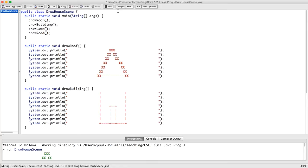So we have done procedural decomposition on drawHouseScene, which originally contained a bunch of print lines and did all the work itself. And now it calls four procedures, each of which does part of the work.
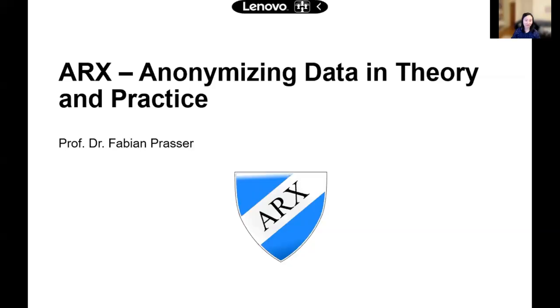Welcome everyone. We are delighted to have Professor Fabian Presser here with us today to talk about the data anonymization tool ARX. Fabian Presser is a professor of medical informatics at the Berlin Institute of Health (BIH), head of the medical informatics group at BIH, and leads the development of the internationally recognized anonymization tool ARX.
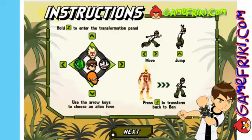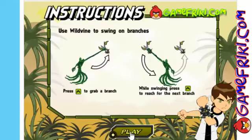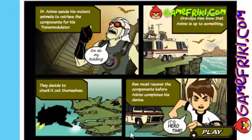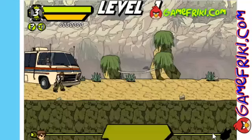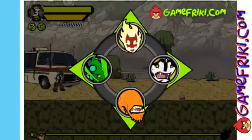Hi my friends, today we have a great game. Just go to the link that is in the video info, or you can also visit us at GameFreeKid.com. Don't forget to subscribe on YouTube. Have a nice day and goodbye.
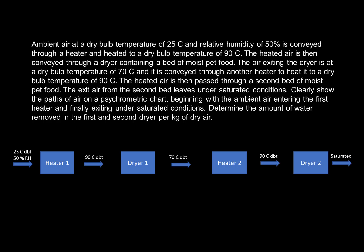In this example, we will look at ambient air moving through a heater and then a dryer. The exit air from the dryer will go through another heater and then again through another bed of food in a second dryer. So there are four components: two heaters and two dryers.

TASK DESCRIPTION => Please output the full listing above exactly, minus any pictures.

RESPONSE TO THIS EXERCISE =>
So we have done procedural decomposition on drawHouseScene, which originally contained a bunch of print lines and did all the work itself. And now it calls four procedures, each of which does part of the work.
Welcome everyone. We are delighted to have Professor Fabian Presser here with us today to talk about the data anonymization tool ARX. Fabian Presser is a professor of medical informatics at the Berlin Institute of Health (BIH), head of the medical informatics group at BIH, and leads the development of the internationally recognized anonymization tool ARX.
Hi my friends, today we have a great game. Just go to the link that is in the video info, or you can also visit us at GameFreeKid.com. Don't forget to subscribe on YouTube. Have a nice day and goodbye.
In this example, we will look at ambient air moving through a heater and then a dryer. The exit air from the dryer will go through another heater and then again through another bed of food in a second dryer. So there are four components: two heaters and two dryers.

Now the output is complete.